The Long Game in Latin America

Brazil is not doing this in a vacuum. The country has been aggressive about its digital real and its regulatory framework. By integrating crypto-adjacent products into their main exchange, they are normalizing the asset class faster than almost any other major economy. They are teaching a generation of professional investors how to think about Bitcoin and Solana as just another line item in a portfolio.

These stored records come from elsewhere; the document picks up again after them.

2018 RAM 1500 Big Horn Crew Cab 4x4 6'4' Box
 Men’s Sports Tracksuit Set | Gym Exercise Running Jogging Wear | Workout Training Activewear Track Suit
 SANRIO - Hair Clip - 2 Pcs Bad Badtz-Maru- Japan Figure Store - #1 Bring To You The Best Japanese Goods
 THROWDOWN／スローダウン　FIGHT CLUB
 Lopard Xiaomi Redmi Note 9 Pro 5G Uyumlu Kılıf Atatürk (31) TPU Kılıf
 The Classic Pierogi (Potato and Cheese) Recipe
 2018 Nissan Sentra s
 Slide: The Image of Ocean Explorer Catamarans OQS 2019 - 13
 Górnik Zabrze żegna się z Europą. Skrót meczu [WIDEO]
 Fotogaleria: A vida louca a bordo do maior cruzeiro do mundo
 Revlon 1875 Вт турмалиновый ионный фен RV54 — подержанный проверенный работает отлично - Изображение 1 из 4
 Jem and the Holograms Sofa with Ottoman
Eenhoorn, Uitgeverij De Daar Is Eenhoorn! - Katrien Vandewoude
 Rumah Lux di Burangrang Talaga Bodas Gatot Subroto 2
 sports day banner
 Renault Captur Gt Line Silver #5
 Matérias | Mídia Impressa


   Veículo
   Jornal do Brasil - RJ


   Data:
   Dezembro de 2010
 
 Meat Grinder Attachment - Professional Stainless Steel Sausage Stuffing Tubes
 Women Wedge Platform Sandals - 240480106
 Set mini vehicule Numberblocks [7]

For those of us in the trenches building the actual infrastructure, this is a double-edged sword. On one hand, it brings legitimacy and capital. On the other, it creates a layer of abstraction that makes it easier for people to forget why we started building this in the first place. When you trade an option on a future, you aren't participating in a decentralized revolution; you are participating in a 400-year-old financial system with a new coat of paint.

Final Takeaway

The B3 move is a cynical but smart play. It satisfies the hunger for crypto exposure without requiring the exchange to actually understand or hold crypto. For builders, it is a signal that the demand for crypto-based financial instruments is global and institutional. However, it also serves as a reminder: if we don't build better, more accessible decentralized financial tools, the legacy exchanges will simply wrap our assets in paper and sell them back to us on their own terms.